They were tough times, and when the Northern Ireland Civil Rights Association (NICRA), which included Protestants and trade unionists, was supplanted by violence, Rodgers and her comrades found its natural successor in the SDLP. There, as in NICRA, their credo was a bill of rights, not bombs and bullets. To them, bombing Protestants in retaliation for discrimination on jobs and housing was disproportionate.

Rodgers is a mythic figure – in part because she saw and fought all the injustice and has not a trace of bitterness.

But also because while so many others are gone – John and Pat Hume, Seamus Mallon, Eddie McGrady, Ivan Cooper, Austin Currie, David Trimble – she remains. What she sees is a barren landscape, and a tendency towards what she calls “triumphalism”.
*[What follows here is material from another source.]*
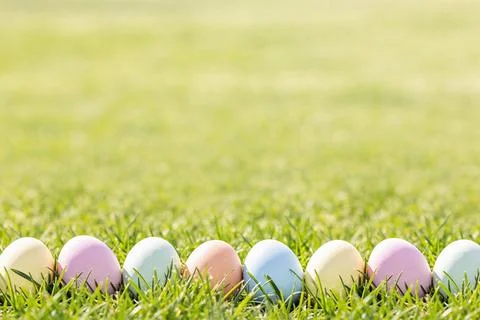 Row of pastel Easter eggs nestled in lush green grass on a sunny day Stock Photos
Rodgers is the shoulders on which O’Neill stands. But it would be a great mistake to underestimate Michelle O’Neill. Underneath the bravado is a shrewd politician. She is charismatic, knows her membership and is unfazed by media scrutiny on “transparency”.

There is speculation in some quarters that she may be Sinn Féin’s candidate in the presidential election which, after all these years, could still turn on the peace process, which she is adept at “owning”. King Charles was charmed at Stormont when she thanked his mother “for her role in our peace”. Her attendance at his coronation has been noted as a “presidential” act – unlike perhaps her attendance at commemorations of IRA violence. Nobody could accuse O’Neill of not telling us who she is. We should, as the dating coaches say, believe her.